SUI has turned on gasless stablecoin transfers on mainnet. The new feature lets users send stablecoins without needing to hold any SUI tokens to cover transaction fees. It's a direct attempt to cut friction — one of the bigger complaints about using crypto for everyday payments. But the change also puts a spotlight on how the network will sustain itself if a chunk of activity no longer consumes its native token.
No SUI token required
Until now, sending any token on SUI meant keeping a small balance of SUI to pay gas. That extra step could stall a new user who only wanted to move USDC or USDT. With gasless transfers, the stablecoin transaction itself covers the fee — no separate SUI wallet needed. The feature is live on mainnet as of this week, making SUI one of the first layer‑1s to offer native gasless stablecoin moves.
Lowering the barrier to entry
The team behind SUI has framed the change as a way to bring in people who aren't already holding the network's native asset. Think remittances, merchant payments, or any scenario where a user just wants to send dollars on‑chain. Removing the requirement to buy and hold SUI first could make the whole process feel more like a regular payment app. That kind of friction reduction is exactly what broader crypto adoption needs.
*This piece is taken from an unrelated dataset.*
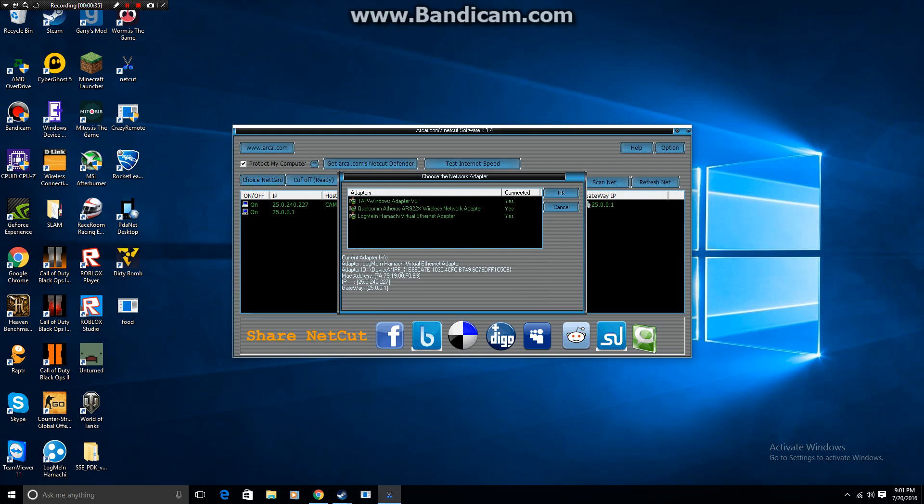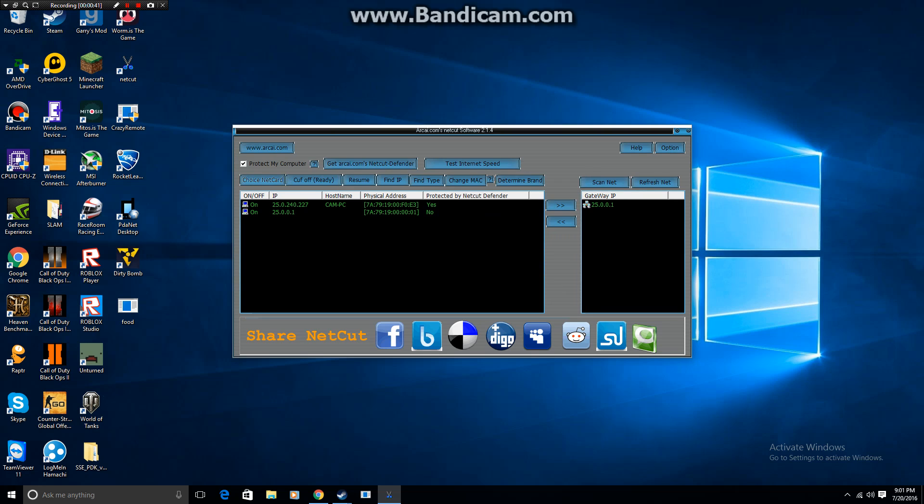So you're going to go over here and select one of these. You're probably just going to have to sort through them. But I found that mine is the middle one. So you're just going to click on that and go over here.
A balancing act for the network
Gasless transfers don't eliminate fees — they just shift who pays them. The details of how validators get compensated aren't fully spelled out in the announcement, but the structure matters. If stablecoin transactions use a separate fee pool or rely on subsidies, the economics could look different from a standard SUI transfer. Sustainability is the open question. The network has to keep validators happy while making the user experience seamless. It's a tightrope, and SUI is now walking it.
Live on mainnet now
The feature is already deployed. No testnet, no phased rollout — it's there. The real test will be watching whether usage picks up and whether the fee model holds up under load. For now, SUI has made a bet that removing token friction matters more than keeping every transaction inside the native‑token economy. That bet just went live.